“Un milliard de dollars, ce n’est plus ce que
c’était!”
Déclaration
faite par Bunker Hunt le dimanche après le « jeudi
noir », alors qu’il faisait face à un appel de marge
significatif de la part d’Engelhard.
Si vous voulez
savoir ce qui arrive quand des détenteurs de positions longues
multiples exigent simultanément la livraison physique
d’une matière première, il suffit de lire la saga des
frères Hunt dans le commerce de l’argent dans les années
1979-1980.
Ils n’ont
rien fait d’illégal, le comité de direction du Commerce
de Chicago (CBOT) et le COMEX a changé les règles en cours de
route, la Commission de négoce des futures a introduit de nouvelles réglementation et les
Hunt se sont retrouvés en faillite, injustement.
Et leur seul
tort fut d’exiger la livraison du métal physique pour lequel ils
détenaient des contrats parfaitement légaux et valides. Les
vendeurs à découvert étaient incapables de faire face
à la demande, et à n’importe quel cours, parce
qu’il n’existait tout simplement pas assez d’argent, - de
métal -, livrable –
un cas classique de corner suivi d’une panique à
l’achat.
Voici
leur histoire.
Conjointement
à de riches investisseurs partenaires d’Arabie Saoudite, les
Frères Hunt, Bunker et Herbert, ont amassé une quantité
légendaire d’argent [métal] qui se finançait
d’elle-même. En effet, les cours à la hausse leur
faisaient générer des profits importants alors qu’ils
continuaient à acheter à la marge sur les marchés
mondiaux.
Ils commencèrent en 1973 et poursuivirent en 1974, en achetant
progressivement des contrats de futures sur l’argent métal
totalisant près de 55 millions d’onces dont ils prirent
livraison physique. Comme Bunker se s’inquiétait du risque
d’inflation et de confiscation potentiel des métaux
précieux à la suite de la fermeture du « guichet de
l’or » par
Nixon, il a arrangé le transfert des lingots en Suisse.

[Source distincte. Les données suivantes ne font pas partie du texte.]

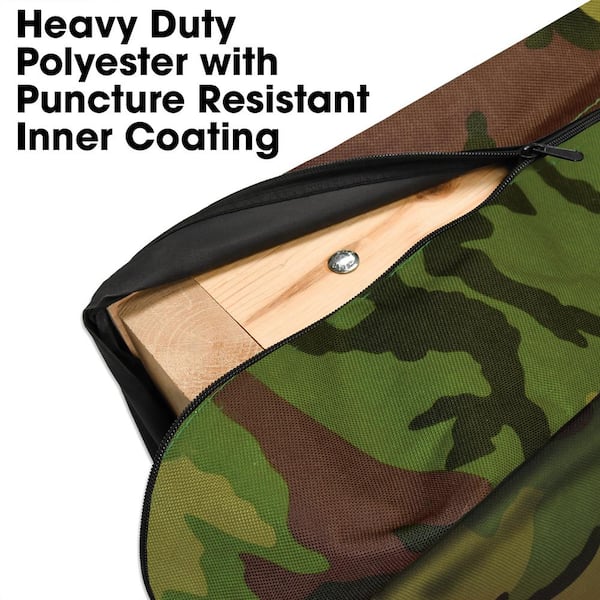Camo Tote Carry Bags *holds up to 10 cornhole bags* 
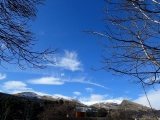 <h5>Bath with a view</h5><p>looking out to theCrown Range from the batch</p>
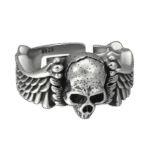 bague crane ailes vintages badass argent redimensionnable roas300 469 1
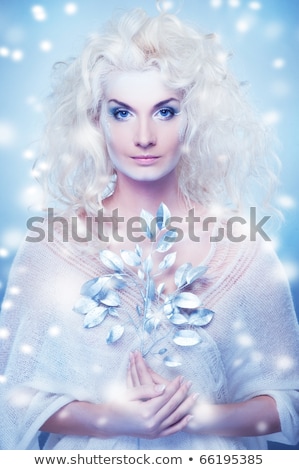 Stock foto: Snow Queen With A Magic Twig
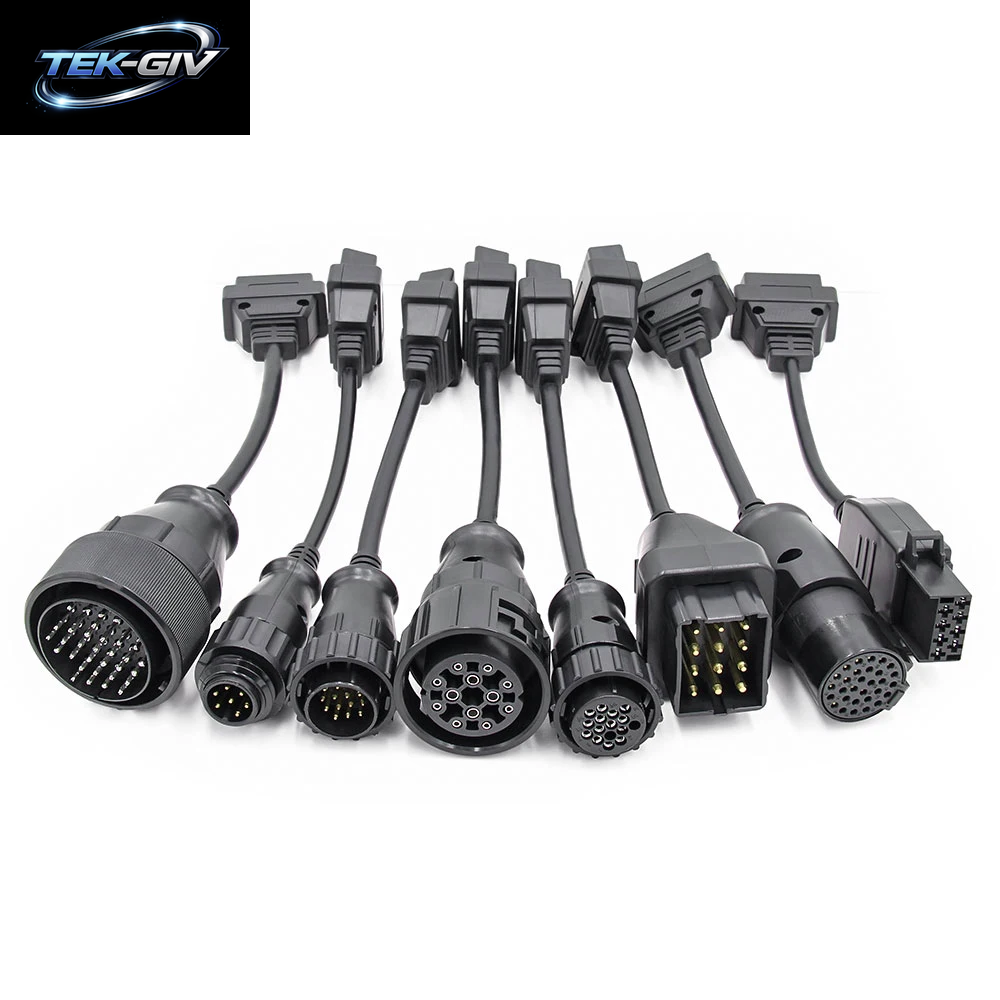 Komplettes Set 8-Teiliges Auto-Lkw-Kabel Für DS150E CDP Multidiag Pro-Diagnosewerkzeuge Für PSA Für Benz Für SCANIA Für Volvo-Obd-Kabel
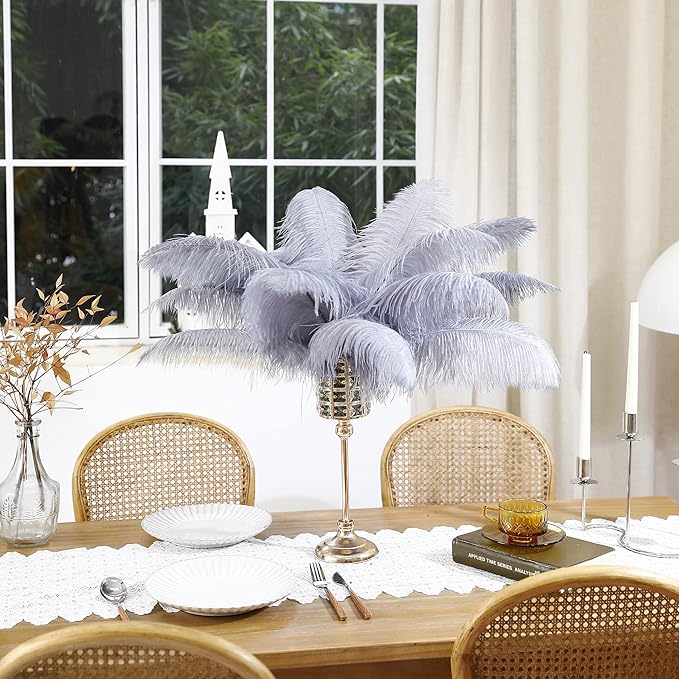 Larryhot Natural Ostrich Feathers - Image 5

Larry LaBorde synthétise parfaitement leur
histoire :
« Entre temps, au ranch, le beau-frère nommé Kreiling et le frère de ce dernier, Tilmon, ont organisé un concours de tir parmi les
cowboys pour sélectionner les meilleurs tireurs. La douzaine de
tireurs retenus reçut la mission spéciale était de
convoyer le plus gros transfert d’argent de l’histoire.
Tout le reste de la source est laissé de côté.